Exercise requirements: No pictures go into the output, which should consist only of the lines from the first line of the data through the line with "Person wearing smart", copied exactly.
----
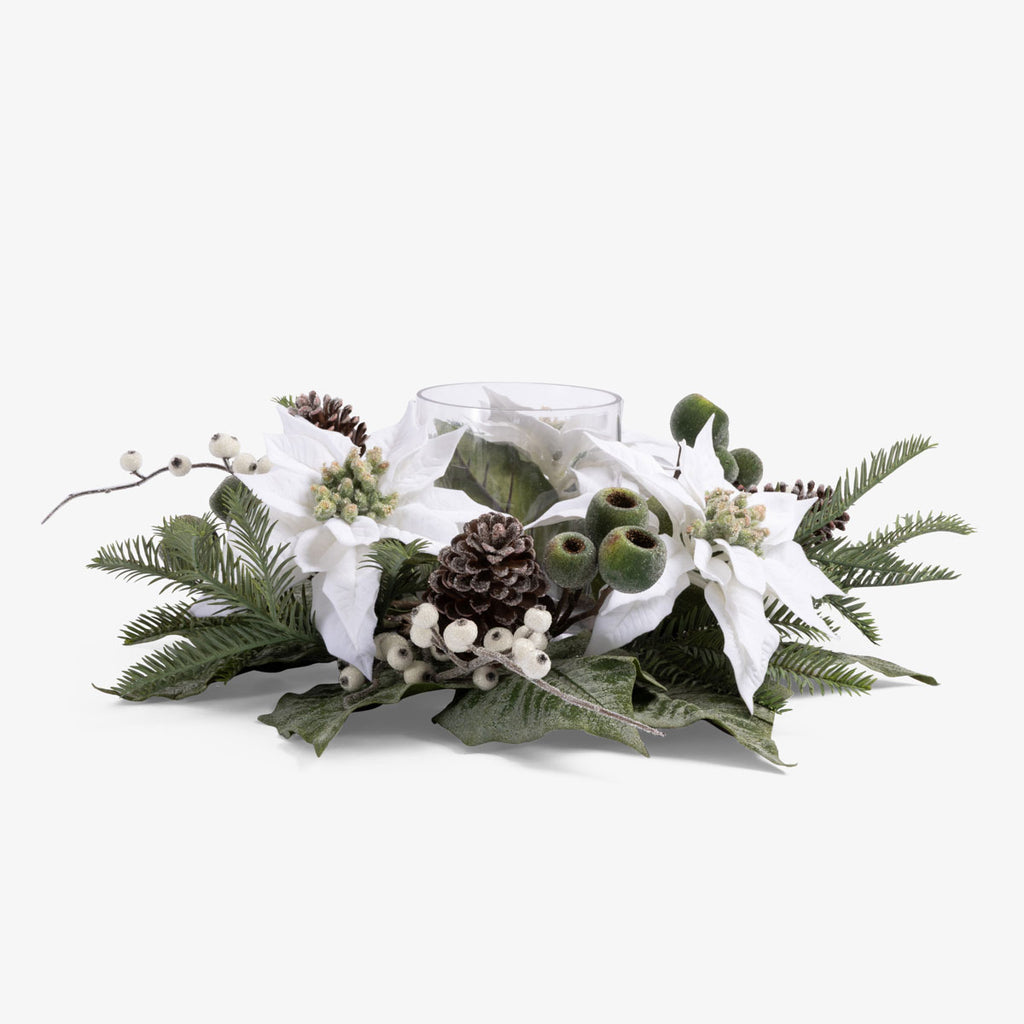 Magnolia & Poinsettia Glass Candle Holder (White)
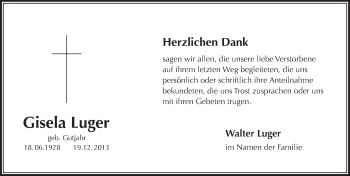 Traueranzeige von Gisela Luger von Pegnitz-Zeitung
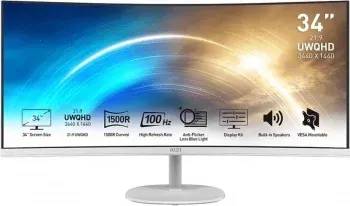 Монитор MSI 34 Pro MP341CQW белый VA LED 1ms 21:9 HDMI M/M матовая 300cd 178гр/178гр 3440x1440 100Hz DP 2K 7.7кг - фото 8
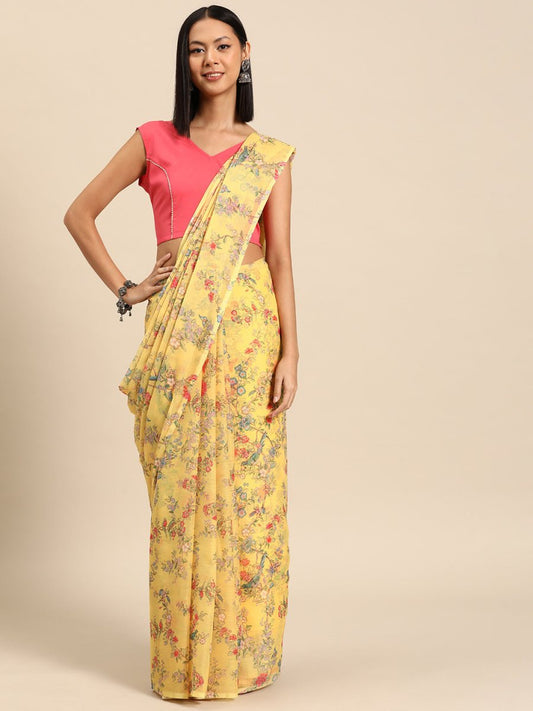 Ahalyaa Floral Poly Chiffon Saree | Swadesiicart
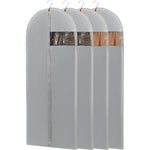 4 Pack - 65" Dress Garment Bags for Hanging Clothes, Dress Bags for Gowns Long, Foldable Long Garment Bag with Clear Window for Closet Storage and Travel - Gray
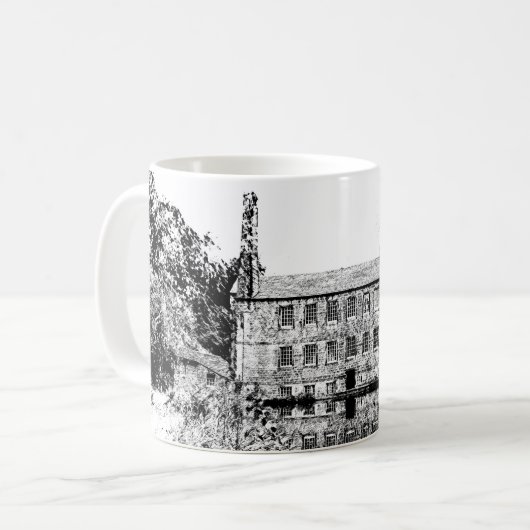 Gibson Mill Hebden Bridge - Vintage Charcoal Style Kaffeetasse (Vorderseite Links)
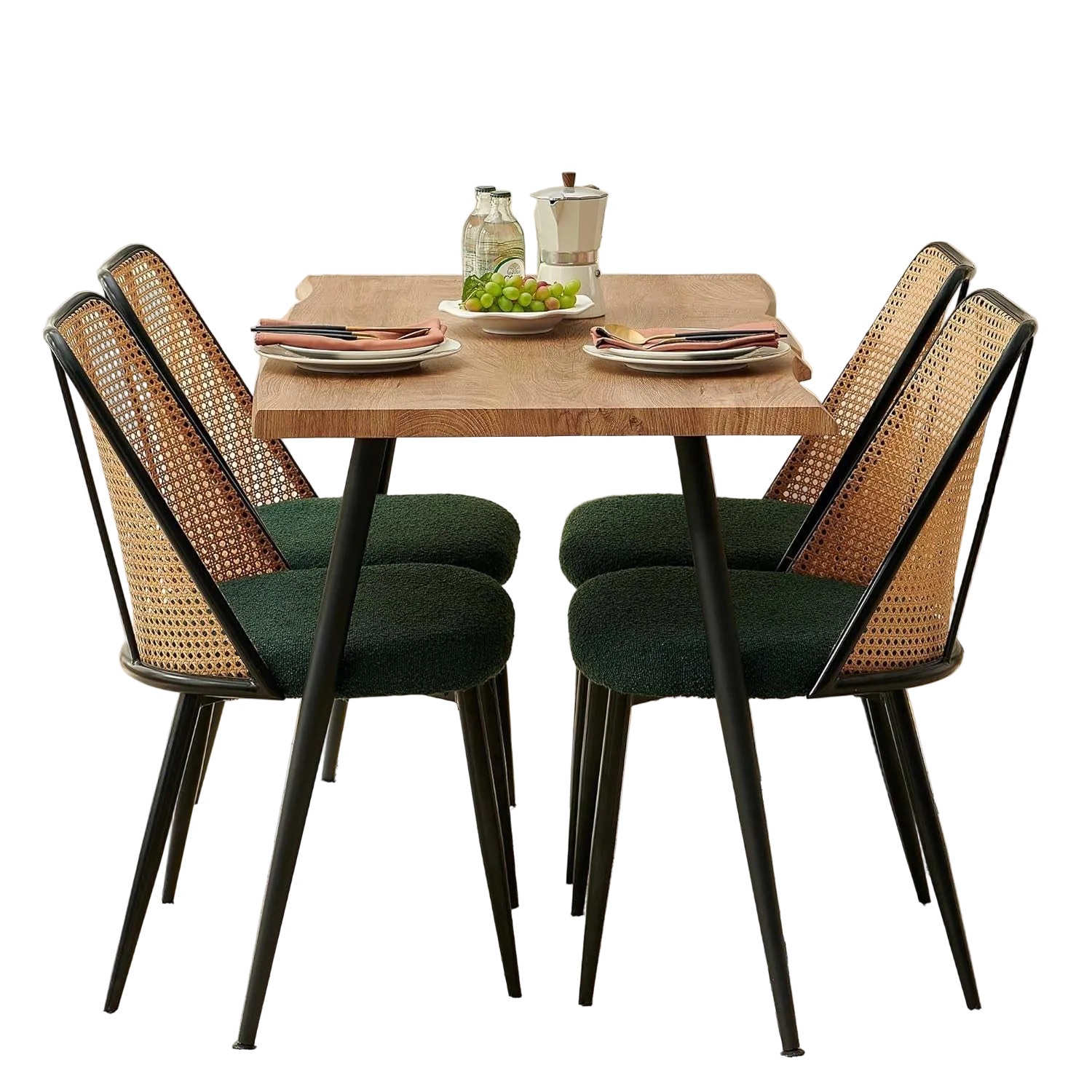 Walnut Finish Raw Edge 47" Dining Set - Green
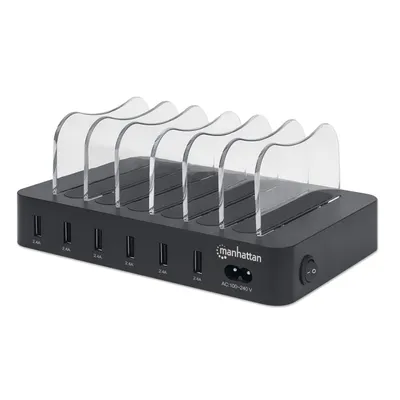 Produktbild von Manhattan 6-Port USB-Ladestation, Sechs USB-A-Ports, bis zu 2,4 A/5 V pro Port, 50 W Ausgangsleistung gesamt, schwarz, Schwarz, CE FCC RoHS WEEE ETL, 100 - 240 V, 1 A, 155 mm, 125 mm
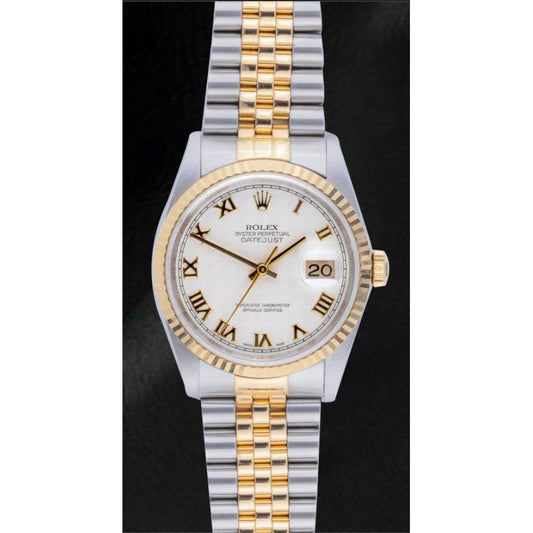 Rolex Datejust Année 2002 Cadran romain blanc 36 mm Montre bicolore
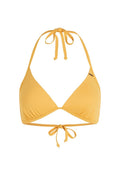 Gelbes Dreieck-Bikini-Oberteil mit verstellbaren Bändern am Hals und Rücken. Hergestellt aus glattem, elastischem Material mit gerafften Nähten.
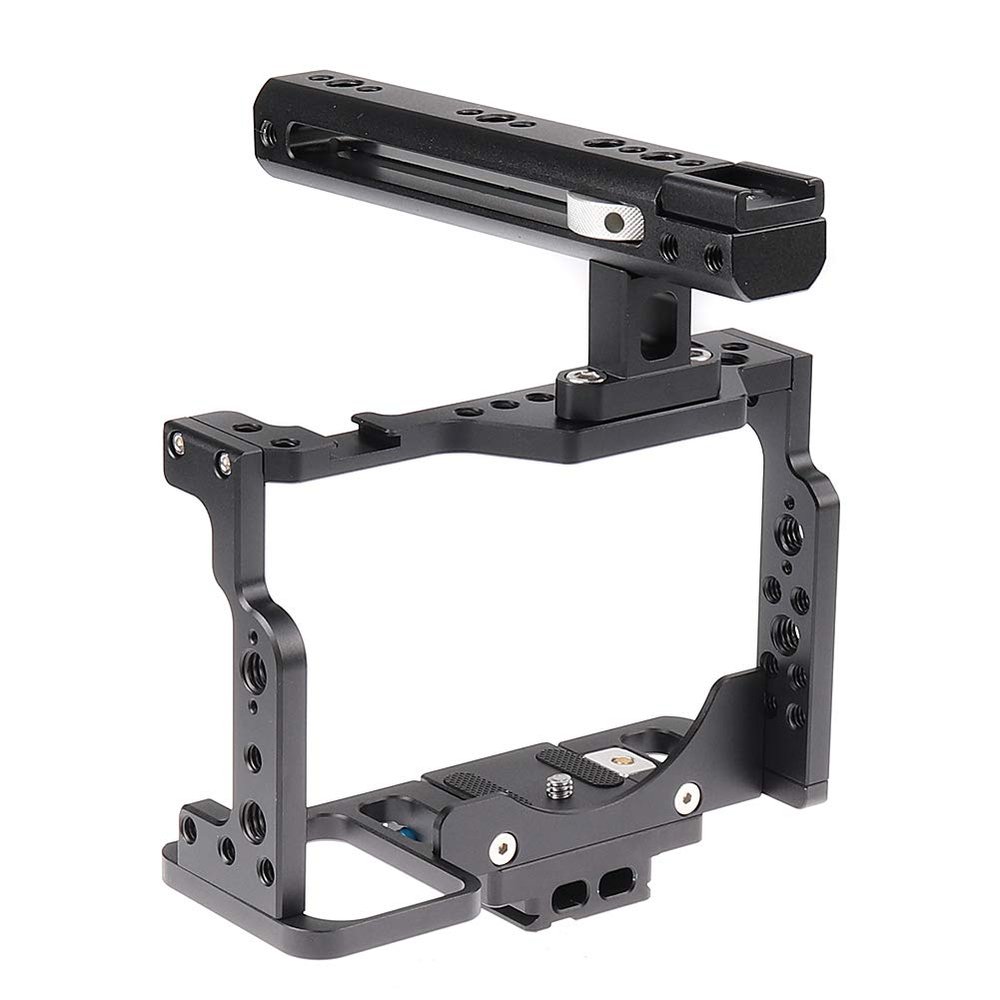 Camera Cage Stabilizer,Aluminum Alloy Camera Video Cage with Cold Shoe and Top Handle Grip for DSLR Camera Nikon Z6 Z7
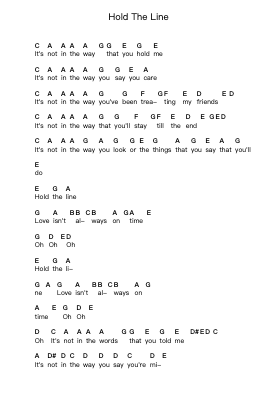 Hold The Line Piano letter notes by Toto - Arr.Browntis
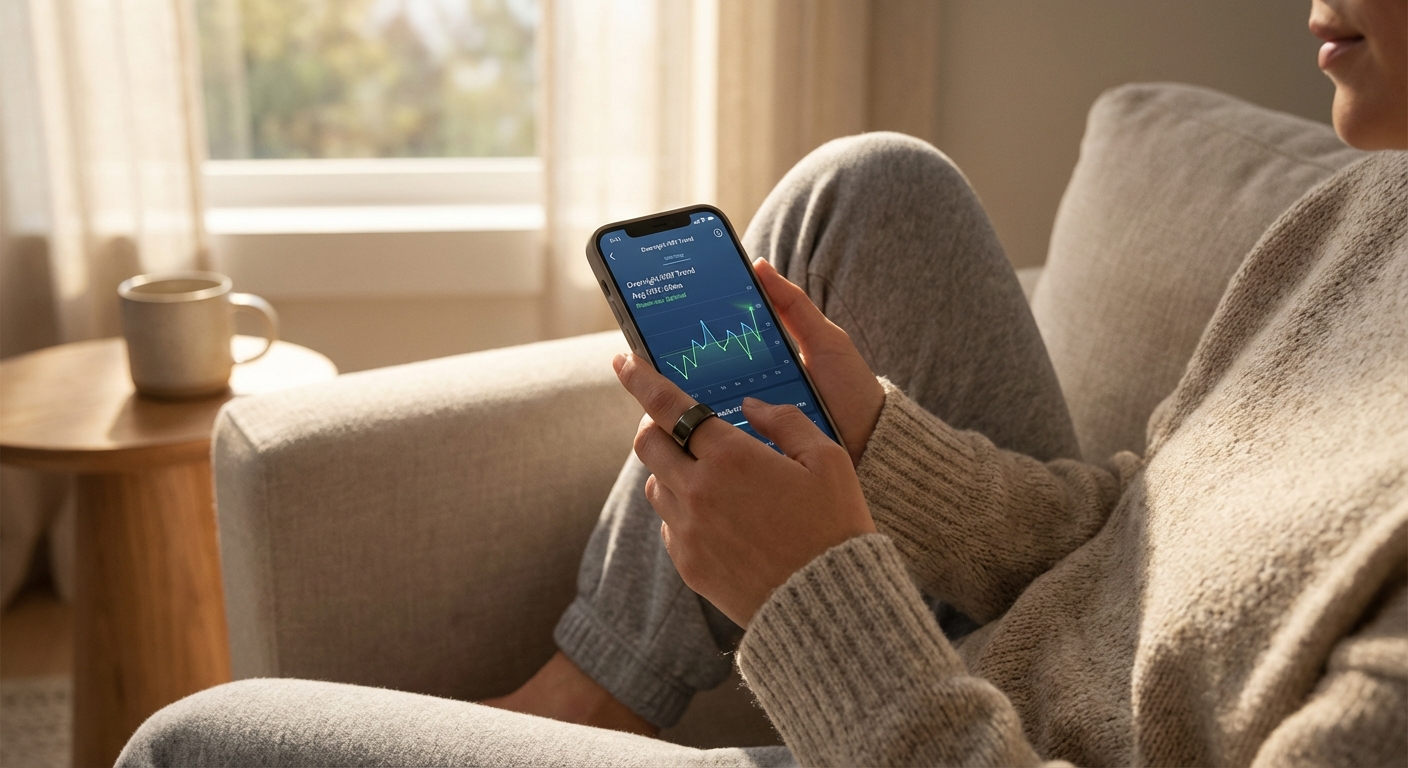 Person wearing smart ring checking heart rate variability data on smartphone app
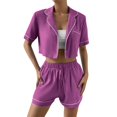 thumbnail image 1 of Gibobby Pijamas para mujer Conjunto de pijamas para mujer Conjuntos de dos piezas Ropa de dormir Ropa descanso Conjuntos con botones(Morado,CH), 1 of 5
----
Answer box:
 Magnolia & Poinsettia Glass Candle Holder (White)
 Traueranzeige von Gisela Luger von Pegnitz-Zeitung
 Монитор MSI 34 Pro MP341CQW белый VA LED 1ms 21:9 HDMI M/M матовая 300cd 178гр/178гр 3440x1440 100Hz DP 2K 7.7кг - фото 8
 Ahalyaa Floral Poly Chiffon Saree | Swadesiicart
 4 Pack - 65" Dress Garment Bags for Hanging Clothes, Dress Bags for Gowns Long, Foldable Long Garment Bag with Clear Window for Closet Storage and Travel - Gray
 Gibson Mill Hebden Bridge - Vintage Charcoal Style Kaffeetasse (Vorderseite Links)
 Walnut Finish Raw Edge 47" Dining Set - Green
 Produktbild von Manhattan 6-Port USB-Ladestation, Sechs USB-A-Ports, bis zu 2,4 A/5 V pro Port, 50 W Ausgangsleistung gesamt, schwarz, Schwarz, CE FCC RoHS WEEE ETL, 100 - 240 V, 1 A, 155 mm, 125 mm
 Rolex Datejust Année 2002 Cadran romain blanc 36 mm Montre bicolore
 Gelbes Dreieck-Bikini-Oberteil mit verstellbaren Bändern am Hals und Rücken. Hergestellt aus glattem, elastischem Material mit gerafften Nähten.
 Camera Cage Stabilizer,Aluminum Alloy Camera Video Cage with Cold Shoe and Top Handle Grip for DSLR Camera Nikon Z6 Z7
 Hold The Line Piano letter notes by Toto - Arr.Browntis
 Person wearing smart ring checking heart rate variability data on smartphone app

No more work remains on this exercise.